ASSIGNMENT
Please transcribe every entry below exactly as written.

DATA FOR ANALYSIS
Segment Open

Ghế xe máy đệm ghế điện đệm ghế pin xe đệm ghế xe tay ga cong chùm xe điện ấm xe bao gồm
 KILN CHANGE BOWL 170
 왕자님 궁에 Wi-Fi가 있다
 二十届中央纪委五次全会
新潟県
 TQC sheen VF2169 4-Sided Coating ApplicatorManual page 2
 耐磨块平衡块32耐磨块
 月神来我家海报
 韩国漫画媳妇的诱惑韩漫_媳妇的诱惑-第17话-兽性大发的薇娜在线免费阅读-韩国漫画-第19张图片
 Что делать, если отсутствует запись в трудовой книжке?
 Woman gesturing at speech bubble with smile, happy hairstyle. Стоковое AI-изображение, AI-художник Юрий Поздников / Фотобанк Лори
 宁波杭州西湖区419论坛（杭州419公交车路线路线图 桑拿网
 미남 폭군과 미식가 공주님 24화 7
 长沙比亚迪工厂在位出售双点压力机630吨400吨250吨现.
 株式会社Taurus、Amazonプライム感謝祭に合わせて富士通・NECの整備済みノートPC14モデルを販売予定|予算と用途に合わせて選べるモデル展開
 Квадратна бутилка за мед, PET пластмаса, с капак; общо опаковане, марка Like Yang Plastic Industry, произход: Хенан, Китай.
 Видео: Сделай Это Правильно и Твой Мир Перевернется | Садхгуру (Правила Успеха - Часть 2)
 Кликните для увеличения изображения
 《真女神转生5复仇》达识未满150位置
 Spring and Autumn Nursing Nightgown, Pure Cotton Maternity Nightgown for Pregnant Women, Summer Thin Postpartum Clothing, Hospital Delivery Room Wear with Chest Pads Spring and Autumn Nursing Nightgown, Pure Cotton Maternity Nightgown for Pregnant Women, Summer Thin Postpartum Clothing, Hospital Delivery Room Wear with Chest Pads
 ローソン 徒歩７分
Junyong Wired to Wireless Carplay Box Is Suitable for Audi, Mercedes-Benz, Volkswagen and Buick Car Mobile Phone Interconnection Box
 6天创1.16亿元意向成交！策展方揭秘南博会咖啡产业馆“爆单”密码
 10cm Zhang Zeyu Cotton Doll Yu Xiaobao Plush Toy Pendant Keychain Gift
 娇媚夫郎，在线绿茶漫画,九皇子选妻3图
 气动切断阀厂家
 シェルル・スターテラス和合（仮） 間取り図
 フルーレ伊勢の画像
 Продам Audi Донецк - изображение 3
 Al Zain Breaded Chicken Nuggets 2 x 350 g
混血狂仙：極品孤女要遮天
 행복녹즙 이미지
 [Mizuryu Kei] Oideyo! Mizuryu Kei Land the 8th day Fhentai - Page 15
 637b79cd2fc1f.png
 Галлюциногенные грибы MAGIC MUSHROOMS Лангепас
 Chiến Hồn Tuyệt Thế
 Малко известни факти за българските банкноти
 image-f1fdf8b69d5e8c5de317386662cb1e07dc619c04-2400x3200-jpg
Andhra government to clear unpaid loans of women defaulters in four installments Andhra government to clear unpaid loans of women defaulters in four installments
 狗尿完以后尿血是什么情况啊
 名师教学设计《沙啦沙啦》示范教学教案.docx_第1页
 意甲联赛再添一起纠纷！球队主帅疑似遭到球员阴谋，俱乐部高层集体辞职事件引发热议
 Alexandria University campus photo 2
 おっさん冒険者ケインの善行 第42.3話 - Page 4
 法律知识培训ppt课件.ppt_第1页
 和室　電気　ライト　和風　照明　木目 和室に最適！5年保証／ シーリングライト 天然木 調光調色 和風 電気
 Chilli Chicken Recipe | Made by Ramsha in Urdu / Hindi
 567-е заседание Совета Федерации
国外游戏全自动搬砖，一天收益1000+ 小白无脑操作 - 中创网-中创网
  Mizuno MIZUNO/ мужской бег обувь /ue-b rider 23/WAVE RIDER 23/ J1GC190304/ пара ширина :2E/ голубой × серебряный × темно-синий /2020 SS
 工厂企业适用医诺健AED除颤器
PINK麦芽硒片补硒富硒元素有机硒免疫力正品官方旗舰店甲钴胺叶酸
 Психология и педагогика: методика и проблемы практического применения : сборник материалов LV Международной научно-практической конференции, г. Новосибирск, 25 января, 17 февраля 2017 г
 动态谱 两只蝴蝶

Segment Closed

ANSWER SPACE
Ghế xe máy đệm ghế điện đệm ghế pin xe đệm ghế xe tay ga cong chùm xe điện ấm xe bao gồm
 KILN CHANGE BOWL 170
 왕자님 궁에 Wi-Fi가 있다
 二十届中央纪委五次全会
新潟県
 TQC sheen VF2169 4-Sided Coating ApplicatorManual page 2
 耐磨块平衡块32耐磨块
 月神来我家海报
 韩国漫画媳妇的诱惑韩漫_媳妇的诱惑-第17话-兽性大发的薇娜在线免费阅读-韩国漫画-第19张图片
 Что делать, если отсутствует запись в трудовой книжке?
 Woman gesturing at speech bubble with smile, happy hairstyle. Стоковое AI-изображение, AI-художник Юрий Поздников / Фотобанк Лори
 宁波杭州西湖区419论坛（杭州419公交车路线路线图 桑拿网
 미남 폭군과 미식가 공주님 24화 7
 长沙比亚迪工厂在位出售双点压力机630吨400吨250吨现.
 株式会社Taurus、Amazonプライム感謝祭に合わせて富士通・NECの整備済みノートPC14モデルを販売予定|予算と用途に合わせて選べるモデル展開
 Квадратна бутилка за мед, PET пластмаса, с капак; общо опаковане, марка Like Yang Plastic Industry, произход: Хенан, Китай.
 Видео: Сделай Это Правильно и Твой Мир Перевернется | Садхгуру (Правила Успеха - Часть 2)
 Кликните для увеличения изображения
 《真女神转生5复仇》达识未满150位置
 Spring and Autumn Nursing Nightgown, Pure Cotton Maternity Nightgown for Pregnant Women, Summer Thin Postpartum Clothing, Hospital Delivery Room Wear with Chest Pads Spring and Autumn Nursing Nightgown, Pure Cotton Maternity Nightgown for Pregnant Women, Summer Thin Postpartum Clothing, Hospital Delivery Room Wear with Chest Pads
 ローソン 徒歩７分
Junyong Wired to Wireless Carplay Box Is Suitable for Audi, Mercedes-Benz, Volkswagen and Buick Car Mobile Phone Interconnection Box
 6天创1.16亿元意向成交！策展方揭秘南博会咖啡产业馆“爆单”密码
 10cm Zhang Zeyu Cotton Doll Yu Xiaobao Plush Toy Pendant Keychain Gift
 娇媚夫郎，在线绿茶漫画,九皇子选妻3图
 气动切断阀厂家
 シェルル・スターテラス和合（仮） 間取り図
 フルーレ伊勢の画像
 Продам Audi Донецк - изображение 3
 Al Zain Breaded Chicken Nuggets 2 x 350 g
混血狂仙：極品孤女要遮天
 행복녹즙 이미지
 [Mizuryu Kei] Oideyo! Mizuryu Kei Land the 8th day Fhentai - Page 15
 637b79cd2fc1f.png
 Галлюциногенные грибы MAGIC MUSHROOMS Лангепас
 Chiến Hồn Tuyệt Thế
 Малко известни факти за българските банкноти
 image-f1fdf8b69d5e8c5de317386662cb1e07dc619c04-2400x3200-jpg
Andhra government to clear unpaid loans of women defaulters in four installments Andhra government to clear unpaid loans of women defaulters in four installments
 狗尿完以后尿血是什么情况啊
 名师教学设计《沙啦沙啦》示范教学教案.docx_第1页
 意甲联赛再添一起纠纷！球队主帅疑似遭到球员阴谋，俱乐部高层集体辞职事件引发热议
 Alexandria University campus photo 2
 おっさん冒険者ケインの善行 第42.3話 - Page 4
 法律知识培训ppt课件.ppt_第1页
 和室　電気　ライト　和風　照明　木目 和室に最適！5年保証／ シーリングライト 天然木 調光調色 和風 電気
 Chilli Chicken Recipe | Made by Ramsha in Urdu / Hindi
 567-е заседание Совета Федерации
国外游戏全自动搬砖，一天收益1000+ 小白无脑操作 - 中创网-中创网
  Mizuno MIZUNO/ мужской бег обувь /ue-b rider 23/WAVE RIDER 23/ J1GC190304/ пара ширина :2E/ голубой × серебряный × темно-синий /2020 SS
 工厂企业适用医诺健AED除颤器
PINK麦芽硒片补硒富硒元素有机硒免疫力正品官方旗舰店甲钴胺叶酸
 Психология и педагогика: методика и проблемы практического применения : сборник материалов LV Международной научно-практической конференции, г. Новосибирск, 25 января, 17 февраля 2017 г
 动态谱 两只蝴蝶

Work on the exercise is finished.